Gur language spoken in Ghana

Kusaal, or Kusaasi, is a Gur language spoken primarily in northern eastern Ghana, and Burkina Faso. It is spoken by about 121,000 people and takes its name from the Kusaal people, or Kusasi. There is a distinctive dialect division between Agole, to the East of the Volta River, and Toende, to the West. Agole has more speakers. The 6-district capital; Bawku West with Zebilla as capital (mainly inhabited by the speakers of Atoende Kusaal) and the rest; Binduri, Bawku, Tempane, Garu and Pusiga districts mostly Agole dialect speakers. The complete Bible translation is in the Agole dialect.

== Names ==
The general and accepted name for the language is Kusaal.

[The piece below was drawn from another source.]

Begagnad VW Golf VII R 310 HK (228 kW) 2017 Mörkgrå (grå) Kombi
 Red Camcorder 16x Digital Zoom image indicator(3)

The name Kusasi refers to the people who speak the language, and it is not accepted by native speakers to refer to the language.

==Grammar==
The language is a fairly typical representative of the Western Oti–Volta low-level grouping within Gur, which includes several of the more widely spoken languages of Northern Ghana, and also Moore, the largest African language of Burkina Faso (and the largest of all Gur languages, with millions of speakers).

===Winigku===
Like most other Western Oti–Volta languages, it has lost the complicated noun class agreement system still found in e.g. the more distantly related Gurmanche, and has only a natural gender system, human/non-human. The noun classes are still distinguishable in the way nouns distinguish singular from plural by paired suffixes:

nid(a) "person" plural nidib(a)

bʋʋg(a) "goat" plural bʋʋs(e)

nɔbir(e) "leg, foot" plural nɔba(a)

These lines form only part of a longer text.